Instead the instructor outlined every change in color and/or value on her sketch. I asked Sandi why we were doing this. It had nothing to do with the scene we were sketching.

"It makes it look prettier," Sandi assured me.

But I didn't want 'prettier,' I wanted to make the best study I could so I could take it home and use it in conjunction with photographs I'd take on location.

This is the kind of thing you run into with these workshops, that the instructor's intentions are different from what you expected, but I was determined to learn what I could. Yes, the lines did make it look more finished, and people in the class assured everyone that they made the sketches more saleable. (But I didn't want saleable; I wanted reference.)

I managed two partially-finished sketches for the class. The first one we made a pencil sketch first (that's the Grand Tetons one), and the second we just dove in with paint first.

I like to think that these will help make more dynamic paintings when it comes to putting images on canvas. Certainly from the Gibbon Waterfall picture (below), I learned that the actual waterfall needs to be depicted much larger than I've done here.

The workshop ended, we packed up and left, and I strolled next door to enjoy my annual Bahama Breeze luncheon (mmm!) before returning for the trade show. I had my shopping list in hand and managed to find most of the stuff rather quickly.


But the show's checkout line looped clear around the three ballrooms that had been designated the trade floor. "Oh, the line's moving fast," one of the Jerry's employees assured me after I'd heard someone say they'd taken an hour to get through it. "You'll be finished in twenty minutes."

After 20 minutes I'd progressed ten feet. The massive line kept people from really perusing the stock in the crowded room, and it impeded traffic flow so that all the artists who were on the trade floor demonstrating various stock or techniques, weren't able to get a group to watch them because there was no place for the group to stand. I did have nice conversations with two of them as I stood waiting.

And the second-to-final stretch of the line did go by Jerry's "bits n pieces" displays. For example, I tossed a new kneaded eraser and gray scale into my cart. When we rounded the final corner, a woman a few people in front of me left the line to grab some paints. I told her that the Ultramarine she'd picked up was a very weak variety. I had the same jar, but only use it when it's pure, because the instant you mix it with something, it goes invisible. She frostily thanked me for the information but assured me that it was just fine with her, but about five minutes later I noticed her slipping out of line again to return it.

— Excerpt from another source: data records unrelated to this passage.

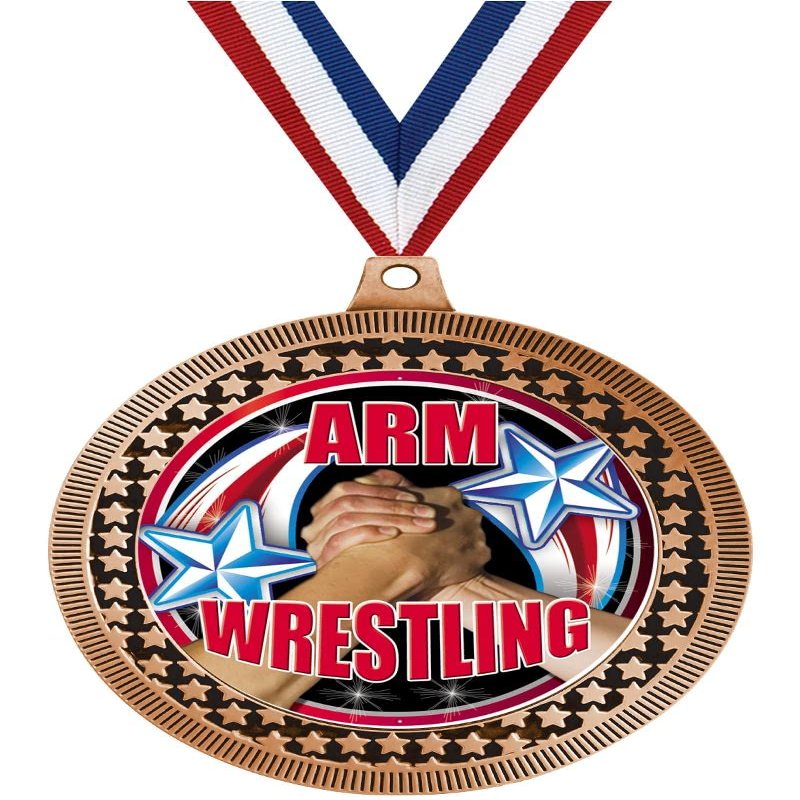 2.75" Arm Wrestling Medal Awards, Bronze Vega Arm Wrestling Team Trophy Awards Includes Free Neck Ribbon 100 Pack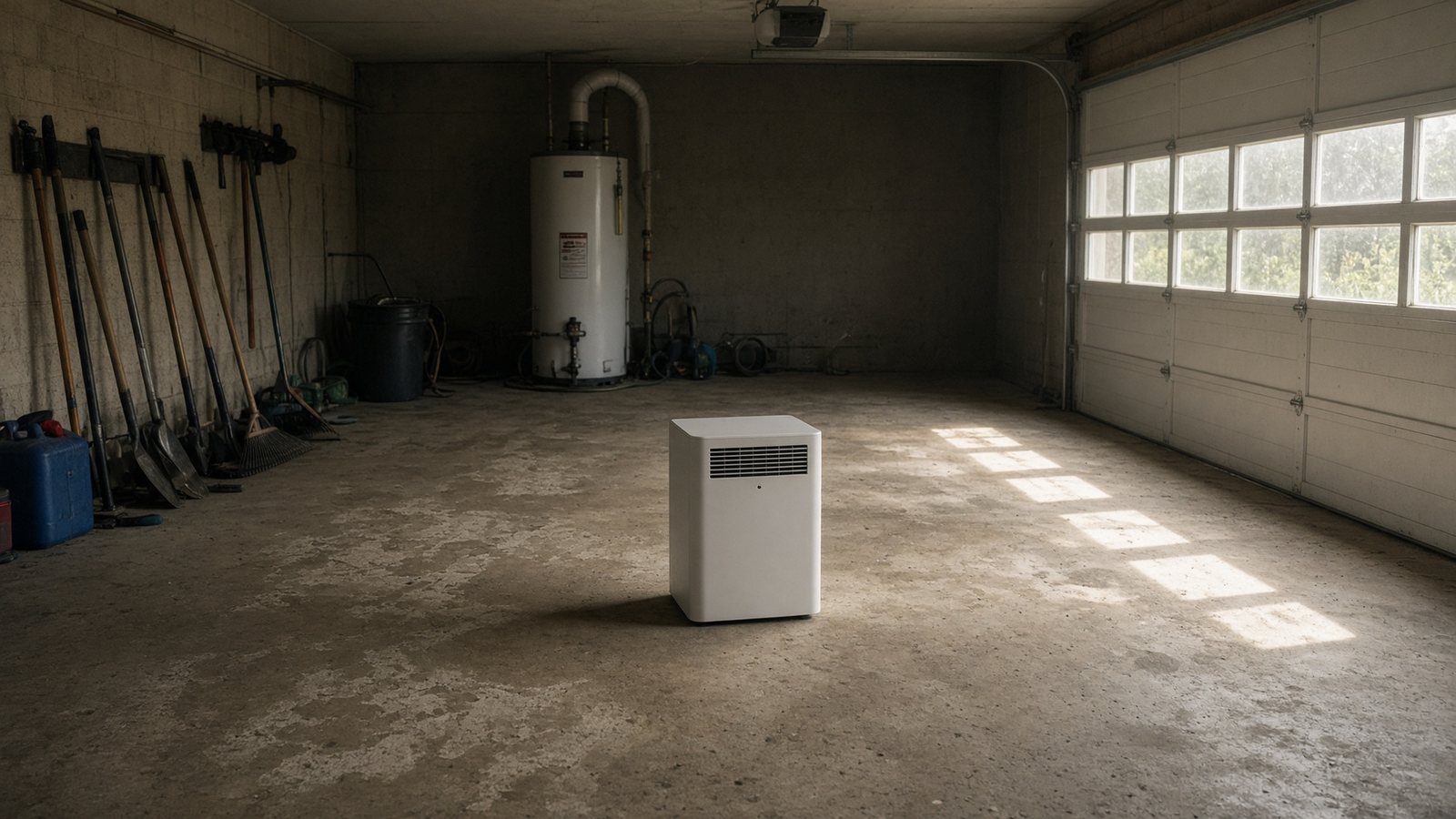 Small cube dehumidifier sitting undersized in a hot Florida two-car garage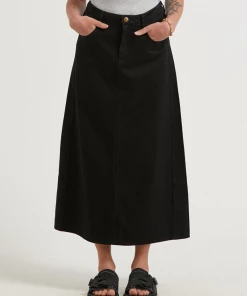 Clothing Afends Womens Nina - Hemp Twill High Rise Midi Skirt - Black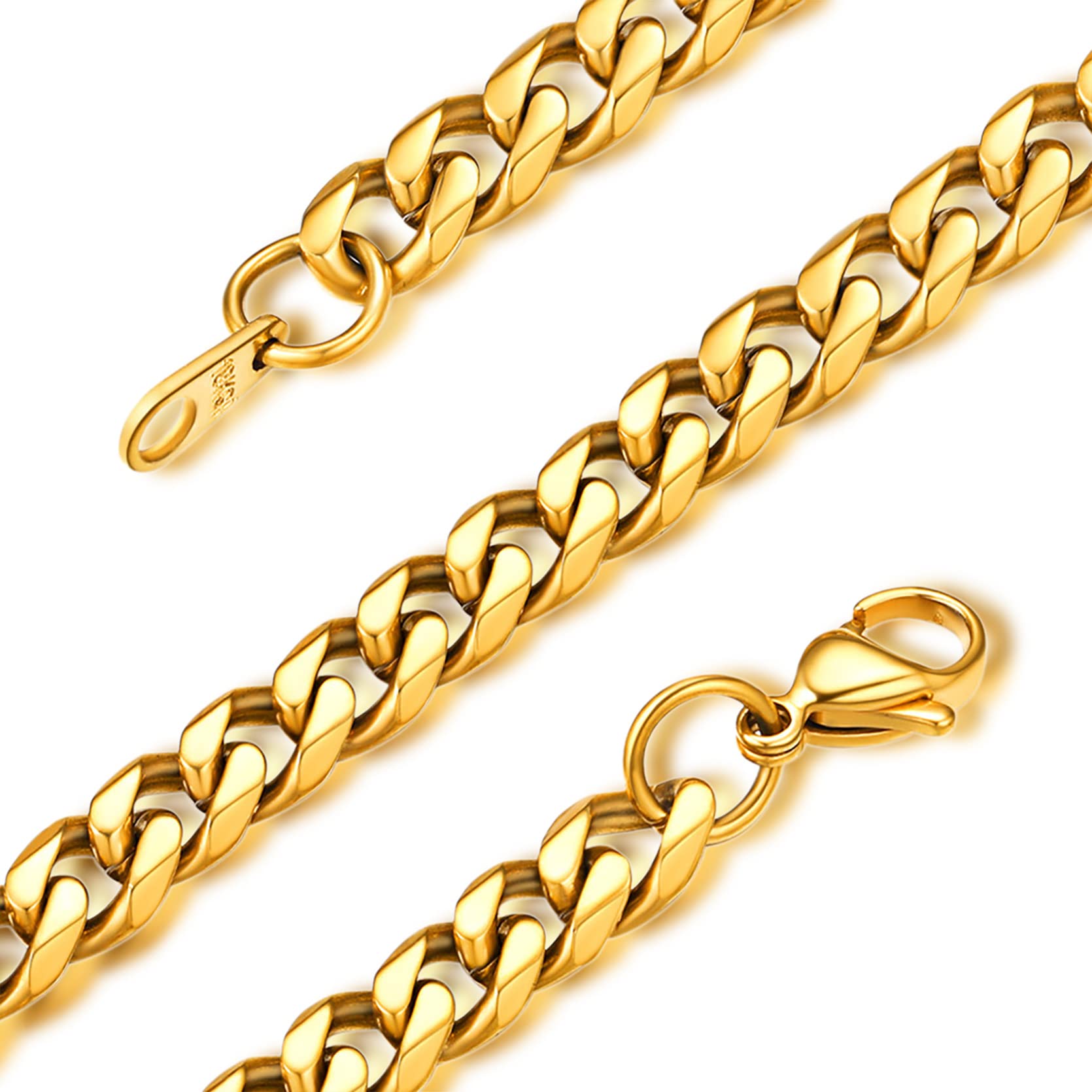 GOLDCHIC JEWELRY Men Women Cuban Chains Gold, 6mm Curb Link Jewellery for Rapper
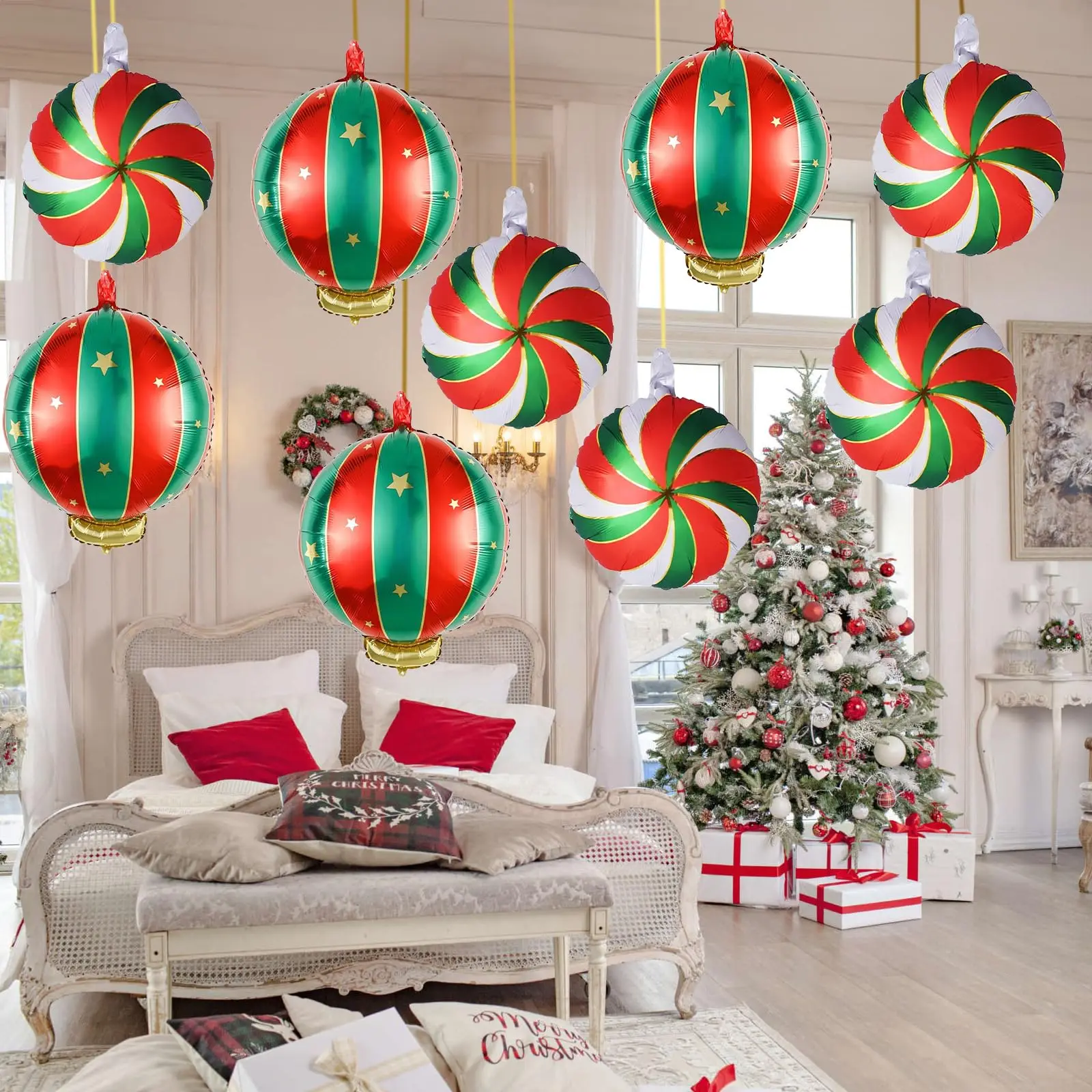 9 pcs Christmas round candy lollipop aluminum foil balloon Christmas sweet island decoration New Year candy party decoration - Image 3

We stalled next to a table where a guy was demonstrating a new kind of organic brush cleaner made from lavender. Impressive! He'd gob up a brush with oil paint, scrub it around on a surface so the paint really dug into the brush, then dipped it quickly into the cleaner. When he brought the brush out, it was clean. Tried it out on a clean sheet of paper: no residue. "I don't care how much it is," I told him, "just give me a bottle."

It wasn't on sale yet; wouldn't be available for another two months. I got a little advertising card for it, as did just about everyone else in line, and eagerly look forward to trying it out in my own studio.

All in all, I was in line for an hour-plus. There were about eight? cash registers going as hard as they could, but even so, there were just so many people... They assigned a guy to help me load my car and after he'd gone, I wondered: should I have tipped him?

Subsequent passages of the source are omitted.